22,000 People Accidentally Agree to Scrub Toilets in Return for Free WiFi

[Image Source: Pixabay]

Manchester based company, Purple, just revealed the results of a two-week experiment using their public WiFi networks. Purple, specialize in providing WiFi hotspots at venues like Legoland, Outback Steakhouse and Pizza Express. This week the company revealed it had placed a new “community service clause” into its terms of service agreement. The clause required people to do 1,000 hours of menial labor in exchange for their ‘free labor’. More than 22,000 people signed on to the agreement that required the user to do any of the following tasks:

- Cleansing local parks of animal waste

- Providing hugs to stray cats and dogs

- Manually relieving sewer blockages

- Cleaning portable lavatories at local festivals and events

- Painting snail shells to brighten up their existence

- Scraping chewing gum off the streets

22,000 People Accidentally Agree to Scrub Toilets in Return for Free WiFi

[Image Source: Purple]

The fine print also offered a prize to anyone that noticed the weird text and contacted the company. Only one prize was awarded during the experimental phase. According to the Purple blog, this means only 0.000045% of all WiFi users throughout the whole two weeks, managed to spot it.

“WiFi users need to read terms when they sign up to access a network. What are they agreeing to, how much data are they sharing, and what license are they giving to providers? Our experiment shows it’s all too easy to tick a box and consent to something unfair.” Purple CEO explained.

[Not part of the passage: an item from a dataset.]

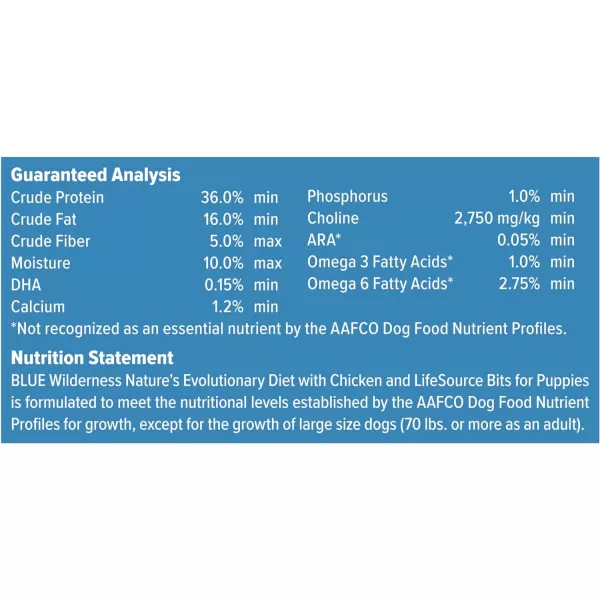 imageBlue Buffalo Wilderness High Protein Natural Puppy Dry Dog Food plus Wholesome Grains Chicken 28 lb bag13 lb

Experts are unsure if Purple could legally enforce the agreement, but the company said they won’t try. Rather it was an interesting experiment on the essential nature of reading terms of use clauses. The company also admits the stunt was timed to announce that Purple is the first WiFi provider to be compliant under the new General Data Protection Regulation (GDPR).

Purple reduces their privacy policy from 1600 words down to just 260

The new guidelines become enforceable for countries in the European Union on May 25, 2018. The aim of the GDPR guidelines is to simplify terms and conditions for consumers as well as provide more clarity about how their data will be used. Purple is proving a brilliant role model for other companies. They have reduced their privacy policy from 1600 words down to just 260. Giving people more opportunity to engage with the important text before clicking 'accept'.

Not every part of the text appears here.